Some people might be uncomfortable with the argument we’re making here.
Why shouldn’t I be able to trust my own dating instincts?
Here’s the thing: we’re not suggesting that your friends have all the answers to your dating problems, or that you have
none
of the answers. On Cheers, you’re perfectly welcome to decline your friends’ recommendations — at the end of the day, it’s your decision. But like most of the important decisions we make, it
certainly doesn’t hurt
to open the doors to a second, or third, opinion from the people you trust. Dating partners are undoubtedly one of such big decisions.
Not to mention
all the other benefits of making dating apps a more social environment
which involves your friends:

Cheers’ Home feed captures users’ life in real-time via updates with friends (like Instagram used to be), making the dating process fun, less stigmatized, and allowing potential matches to get an authentic feel for who you are.
...The Home page of Cheers, where people in your network, single or otherwise, share casual updates about their lives to the feed.
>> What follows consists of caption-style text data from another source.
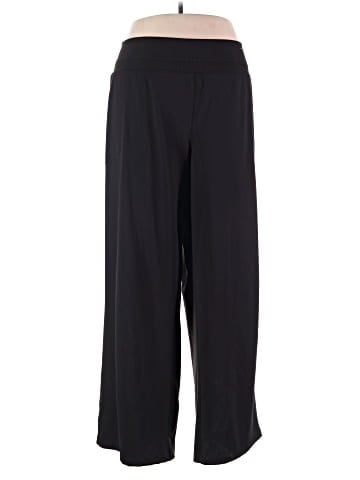 Stylus Casual Pants (view 1)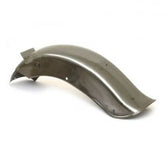 MCS 80-86 Wide Glide Rear Fender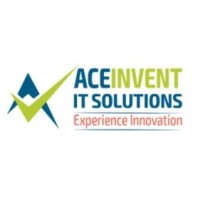 AceInvent IT Solutions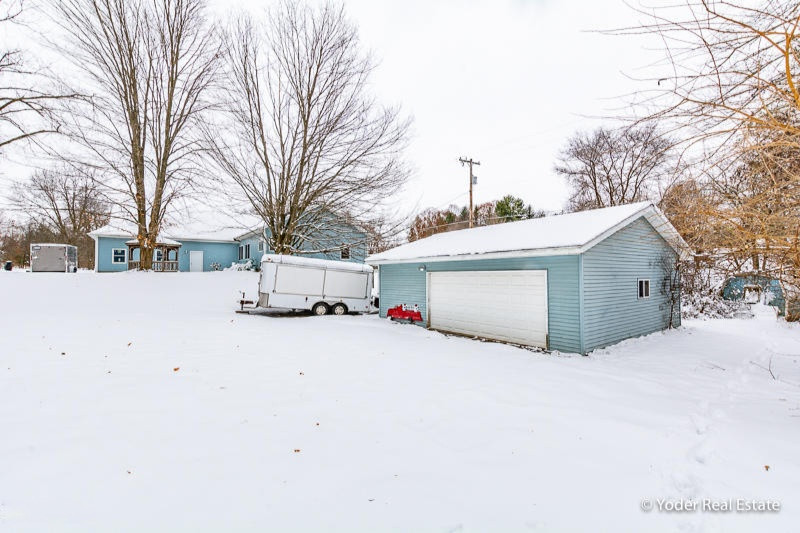 581 Powell Road Hastings, MI 49058 - Photo 54 of 56 _DSC5413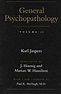 알라딘: General Psychopathology: Volume 2 (Paperback, Revised)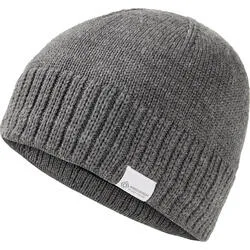 Stöhr Goretex-Strickmütze für Damen und Herren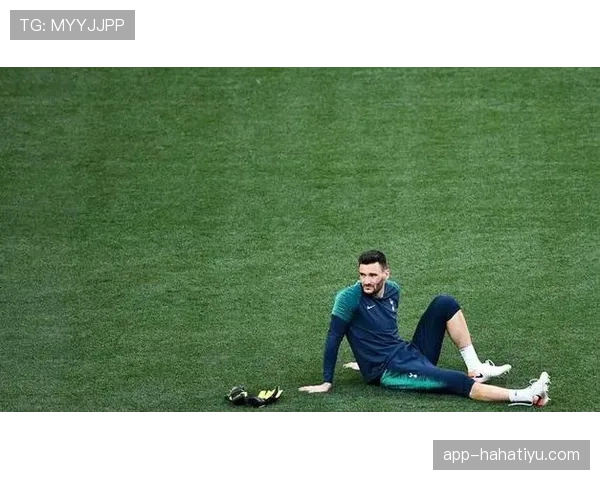 热刺边路主导进攻，中路渗透能力是否受限？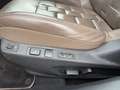 Citroen DS4 DS4 1.6 HDi AUTOMATIQUE - GPS - AIR CO - CUIR Brun - thumbnail 11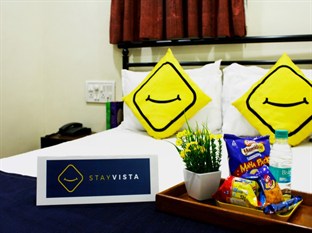 Agoda.com India Apartments & Hotels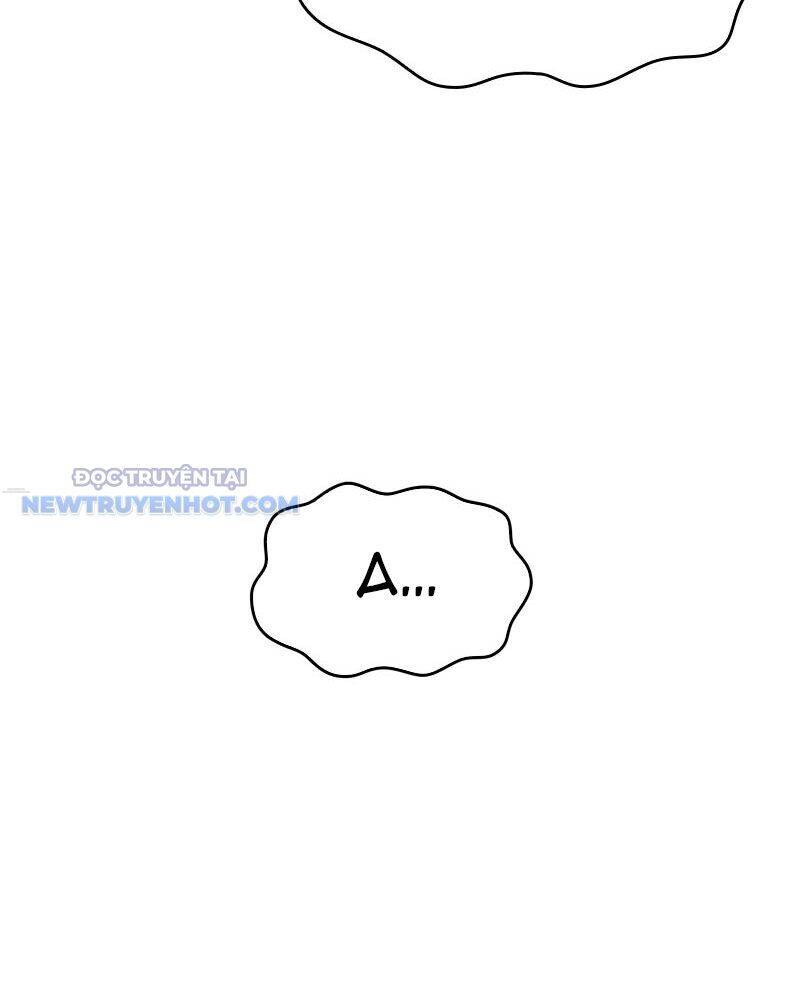 tận thế cũng chỉ là trò chơi chapter 10 97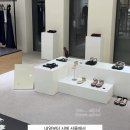 신발 - 시흥시 중심상가로 181 | [에세이즈] 26 Summer : Bound | 2nd Drop 쪼리, 여름신발 신제품 후기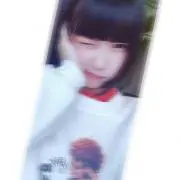 りりおろ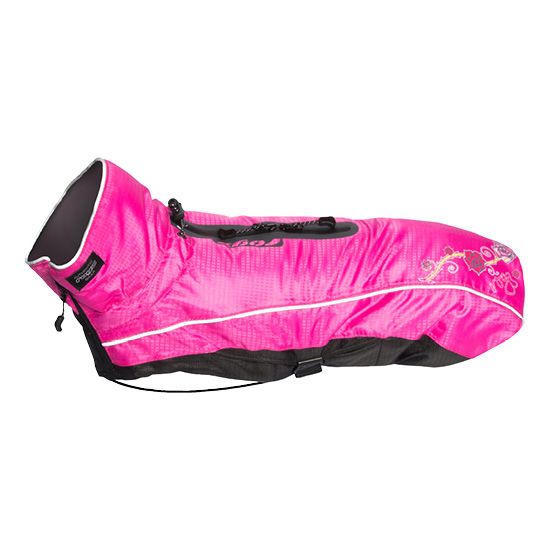 Snowskinz, Color: Pink, Size: 22cm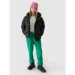  4F     DOWN JACKET F450JWAW24TDJAF450-20S .128 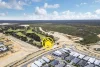 11 Mulligan Road, Yanchep, WA 6035-Image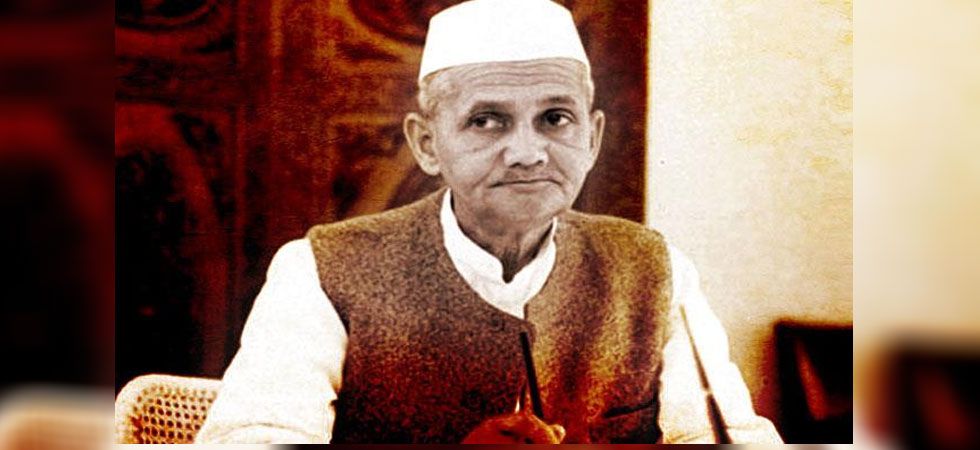 Prabhakar Singh Parihar प्रभाकर सिँह परिहार tweet media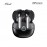 HiFuture SonicAir ENC TWS Earbuds-Black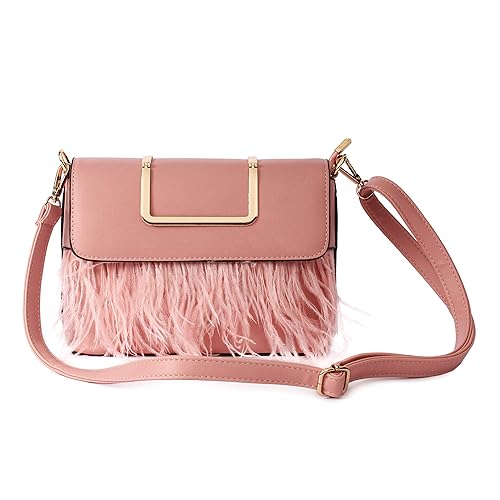 sling bag fashion style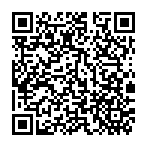 C&oacute;digo QR con el enlace al titular Las quiebras empresariales bajaron en LeÃ³n un 11% en 2011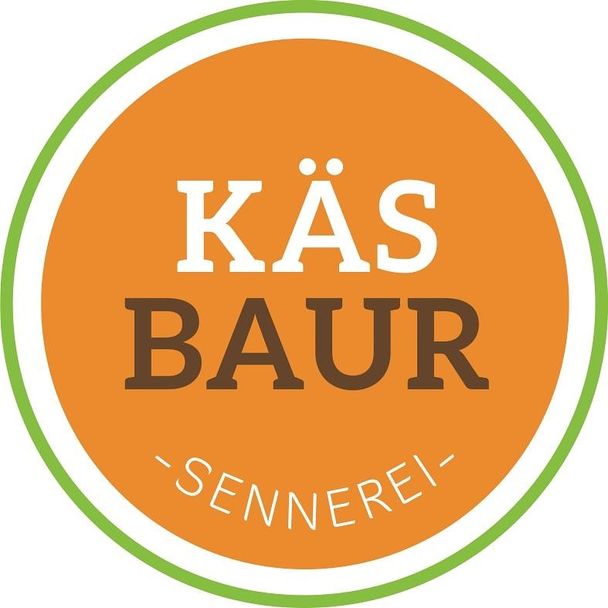Sennerei Grünenbach "Käsbaur"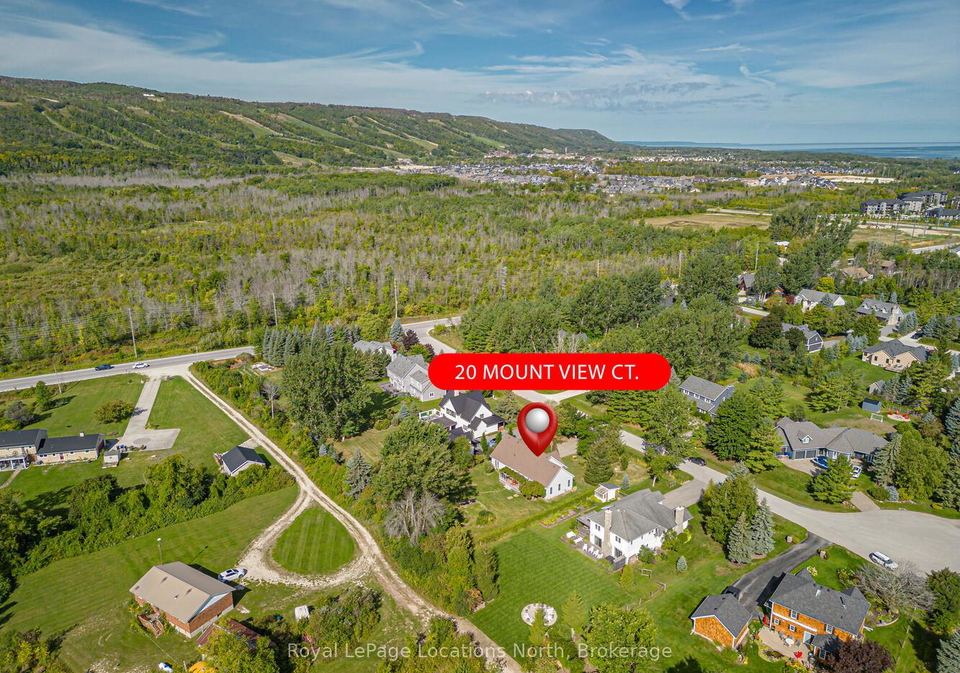 20-mount-view-court-collingwood-ontario-s12380842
If you see a single person you like, you can directly request your friend to make the connection.

When a match is made via a friend who introduced you in the Matchmaking section of Cheers, the connection kicks off with tons of momentum. This greatly increases the human buy-in of those early stages of online dating, minimizing the likelihood of ghosting and flakiness.
...The Matchmaking section of Cheers, where you can set up your connections by voting on potential matches as a good fit (or not), or reviewing potential matches on behalf of someone in your network. If you deem two people to be a good match, you can share your approval with either person in the party, or both.
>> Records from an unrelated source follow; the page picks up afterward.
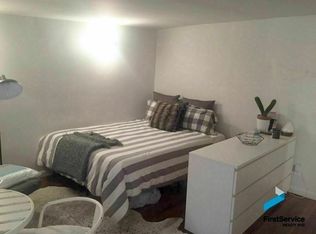 21 E 21st St #6, New York, NY 10010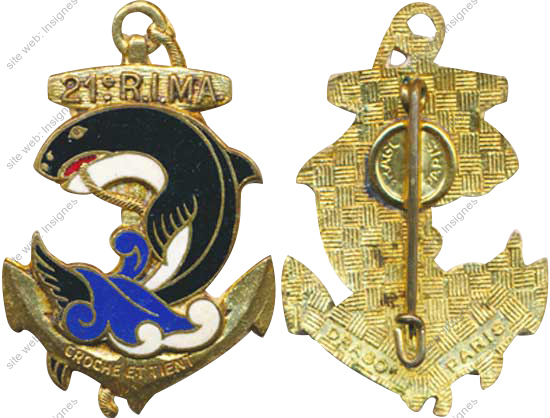 Image du produit co10213000
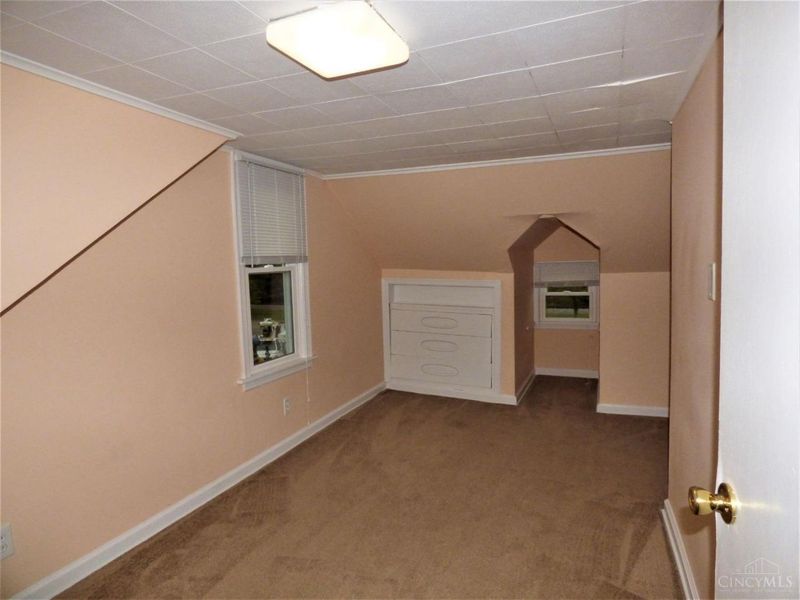 9312 Blue Ash Road, Blue Ash, OH 45242 Photo 14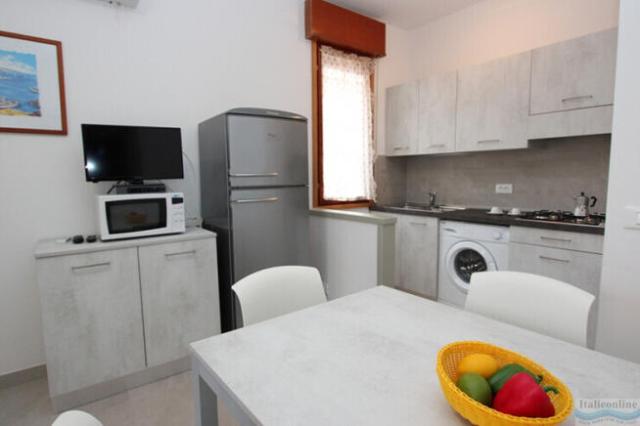 Villa Orialfi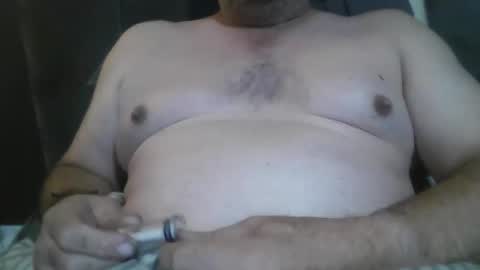 Snapshot of nipplepain007 chatting on March 30, 9:43 am nipplepain007 online show from March 30, 9:43 am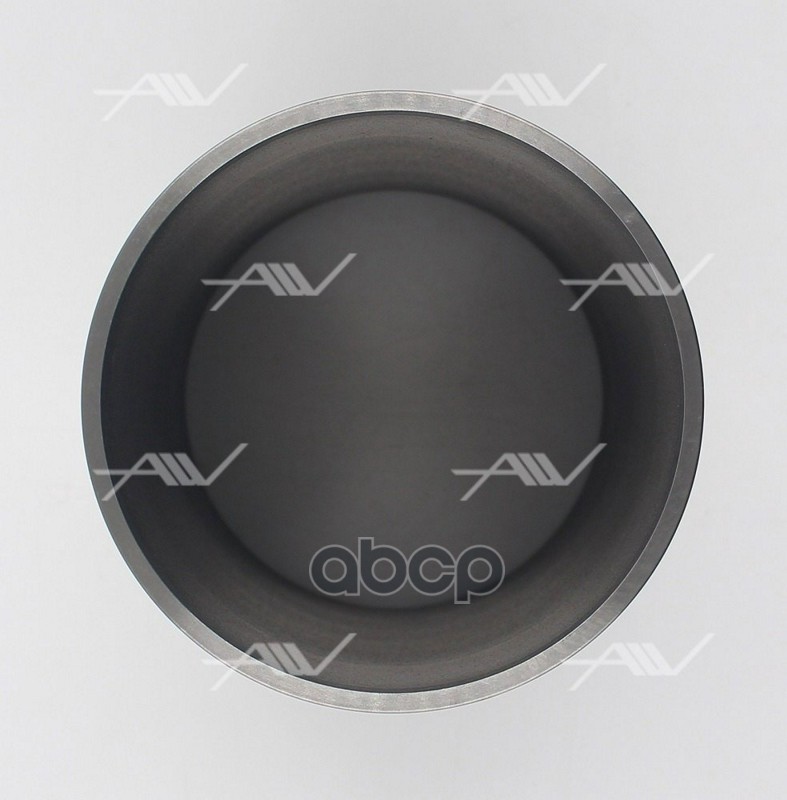 CL-32040 гильза MITSUBISHI 4D55/56/T с буртом (10702070/110118/0002689, ТАЙВАНЬ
What About the Privacy of My Network?

Cheers discovers your network via your phone contacts — not unlike Instagram. When you first create an account, you are given the option to share all, some, or none, of your contacts. In other words,
no one from your contact list is ever shared with Cheers without your explicit permission
. Of course, Cheers works best when your contacts are using the app. Any contact shared is securely uploaded using encryption. If they are found to be already on the app, you’ll have the option to add them as a friend. If they aren’t, you can choose to invite them to Cheers. If you don’t invite them, they will never be contacted for any reason.
When using the app, you’ll be able to view the profiles of anyone confirmed as a friend, and anyone in your confirmed friends’ network. As more people from your network join Cheers, your extended network of potential connections grows safely and exponentially.

Conclusion

The antisocial process of swiping has turned many of us into hyper-critical auditors of potential dating partners, with overly-refined parameters for what our ideal partner looks like. A sprinkle of this was helpful — an avalanche of it has made the online dating experience
very
hard for everyone involved.
The human intervention of your closest friends offers a much-needed break from this self-absorbed process. Not only do your friends see you for exactly who you are, they might also help you think outside of the box in terms of partners that could be a great fit for you. Better yet, there might be someone in their extended network who fits the description.
At Cheers, we believe that a successful dating app needs to enhance the tried-and-tested dating processes that have been around for centuries, rather than trying to reinvent the wheel.
One of the most important signals dating apps lack is the social input of our friends. Sometimes, they have that magical ability to know what we want better than ourselves.